Tra l’altro, giusto per essere propositivi e non limitarci a criticare, non esiste soltanto un ambiente urbano che potrebbe diventare una specie di “club” internazionale per persone amanti della cultura e della tranquillità (non nel senso di Capalbio, dio ci scampi): fuori dalla possente cinta muraria si estende infatti una natura bellissima, con foreste, torrenti, colli e montagne. Un eldorado per chi ama passeggiare, esplorare, osservare una fauna sorprendentemente ricca. Ma anche per chi vuole scoprire pievi ancora vive e altre abbandonate, angoli misteriosi dove la protostoria, il paganesimo e il cristianesimo si sono avvicendati fino a essere ricoperti dalla foresta. Un intrico di sentieri, tra l’altro accuratamente segnati, in cui purtroppo non incontri quasi anima viva nemmeno a ferragosto, perché chi dovrebbe pubblicizzare tutto ciò non è in grado o non lo vuole fare: meglio arrivare in auto, sedersi al bar che occupa il cassero, il punto più bello della cinta trasformato in una sorta di luna park, e star lì a berciare fino al momento di andarsene. E l’indomani raccontare agli amici che hai passato il weekend ad Angioni.
Come (non) difendere il territorio
Una tale incuria per l’anima del posto, con la conseguente erosione antropologica, si accompagna inevitabilmente a un’incuria estetica e paesaggistica. Ma questo, temiamo, è storia normale di tutti i piccoli comuni: gli uffici preposti ti fanno le pulci per una tegola spostata, e poi permettono la costruzione di villette che farebbero senso a Viserbella. Così la “periferia” del borgo medievale si allarga progressivamente con quella tipica cacofonia di stili (chiamiamoli così) che rivela la totale mancanza di programmazione da parte degli amministratori.
Se si può imputare qualcosa agli anghiaresi è di non avere reagito abbastanza a questi abusi. Ma quando è troppo è troppo, e l’ultimo scempio ha finalmente dato vita a un comitato di protesta. L’attacco è partito dall’esterno dei bastioni, ma qualcuno ha aperto il ponte levatoio dall’interno. Fuor di metafora bellica, la inwit spa, che costruisce “torri” per la telefonia, ha deciso di impiantarne una gigantesca (24 metri) in uno dei punti più belli e panoramici (insulto estetico), cioè lungo la strada che dal borgo porta al santuario del Carmine (insulto culturale) ed è la prediletta dagli abitanti per fare passeggiate (insulto sociale). Da un’azienda come quella non c’è da aspettarsi né l’intelligenza né la sensibilità di non deturpare un luogo così bello, per carità. C’era invece da aspettarsi che il sindaco di turno, sempre peggiore del precedente, non tenesse nascosto il fatto il più possibile alla cittadinanza che avrebbe dovuto tutelare, fino all’esplosione del bubbone.
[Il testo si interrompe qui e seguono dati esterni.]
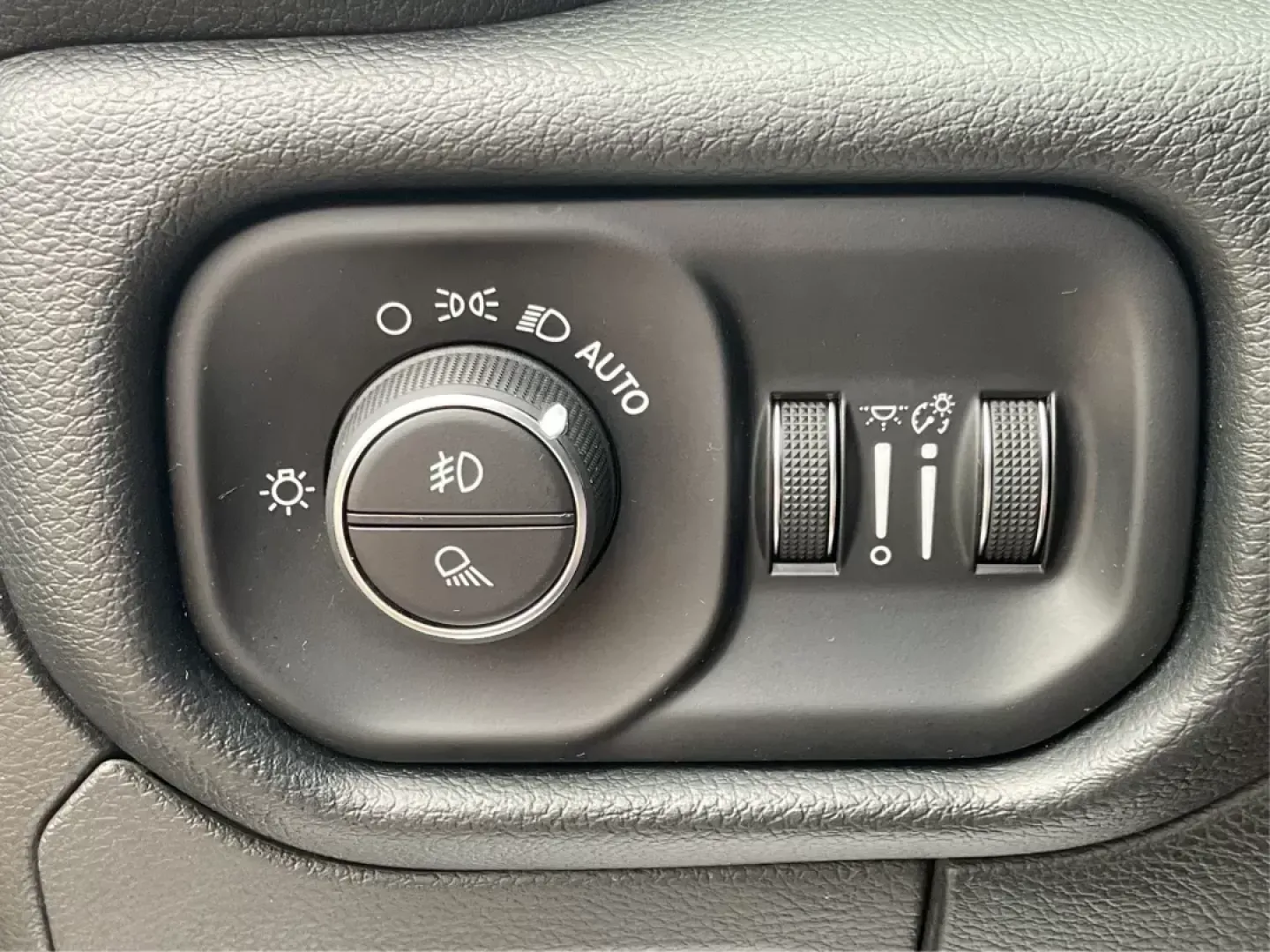 2019 Ram 1500 Laramie Crew Cab SWB 4WD (1C6SRFJT5KN) with an 5.7L V8 OHV 16V engine, 8-Speed Automatic transmission, located at 1230 East Main St, Xenia, OH, 45385, (937) 908-9800, 39.688026, -83.910172 - **Unleash Your Adventures with the 2019 Ram 1500 Laramie Crew Cab Perfect for Work and Play!**<br /> <br /> Are you ready to elevate your daily driving experience? Look no further than this stunning 2019 Ram 1500 Laramie Crew Cab, a vehicle designed to enhance your lifestyle whether you're commutin - Photo#15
Il Comitato No Antenna, a differenza di gruppi analoghi in altri luoghi, non ha potuto fare nulla perché, non solo l’ottimo primo cittadino non ha mosso un dito per aiutarlo, ma non ha neppure predisposto il “piano antenne” (tra l’altro previsto dalla Legge Regionale 49/2011) per regolamentare il fenomeno. Il tar ha così finito per dare ragione a inwit; al primo cittadino la comunità ha dedicato l’orrido ripetitore battezzandolo con il suo nome; e se non si approverà un piano antenne, il prossimo sindaco, che sarà peggiore del precedente, potrà disseminare di torracchioni l’intero territorio. E allora addio bandiera arancione.